A unified Framework for Robust Modelling of Financial Markets in discrete time

TL;DR

This paper unifies pathwise and quasi-sure approaches to robust financial market modeling in discrete time, establishing fundamental theorems that connect different arbitrage notions and superhedging strategies.

Contribution

It provides a unified framework linking two major approaches in robust finance, proving key theorems and clarifying arbitrage concepts.

Findings

Established equivalence between pathwise and quasi-sure models.

Proved a Fundamental Theorem of Asset Pricing in the unified framework.

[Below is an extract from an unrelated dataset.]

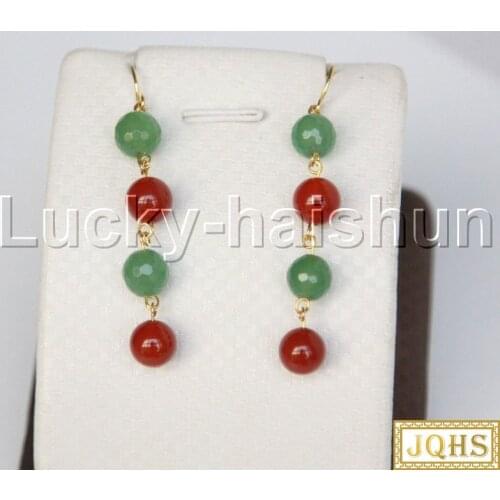 JQHS natural 2.5" 8mm Dangle green jade red agate Beaded Earrings 14KT gold hook j11881 women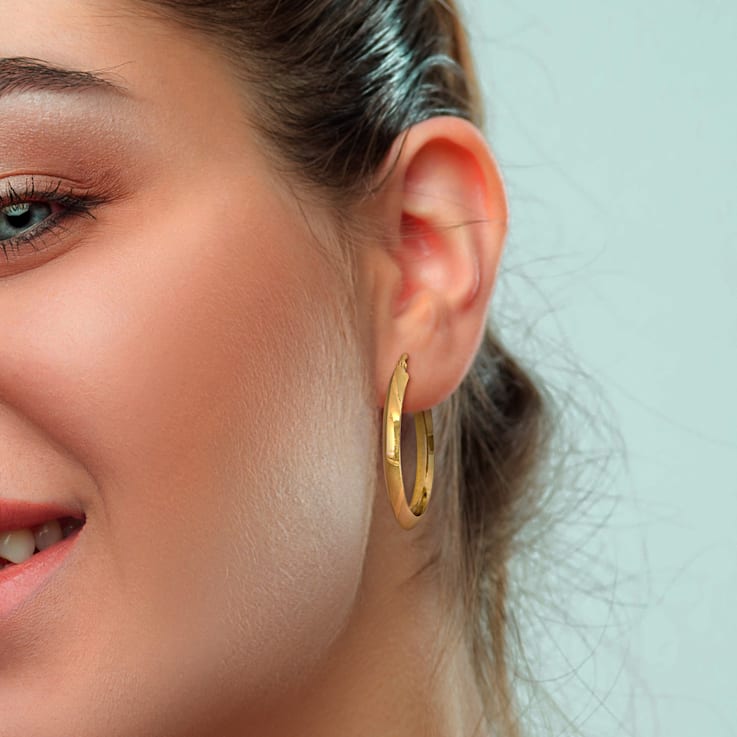 30MM Flat Knife Edge Hoop Earrings in Yellow Plated Sterling Silver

Demonstrated conditions for extending superhedging from measures to pathwise settings.

Abstract

We unify and establish equivalence between the pathwise and the quasi-sure approaches to robust modelling of financial markets in discrete time. In particular, we prove a Fundamental Theorem of Asset Pricing and a Superhedging Theorem, which encompass the formulations of [Bouchard, B., & Nutz, M. (2015). Arbitrage and duality in nondominated discrete-time models. The Annals of Applied Probability, 25(2), 823-859] and [Burzoni, M., Frittelli, M., Hou, Z., Maggis, M., & Obloj, J. (2019). Pointwise arbitrage pricing theory in discrete time. Mathematics of Operations Research]. In bringing the two streams of literature together, we also examine and relate their many different notions of arbitrage. We also clarify the relation between robust and classical $\mathbb{P}$-specific results. Furthermore, we prove when a superhedging property w.r.t. the set of martingale measures supported on a set of paths $\Omega$ may be extended to a pathwise superhedging on $\Omega$ without changing the superhedging price.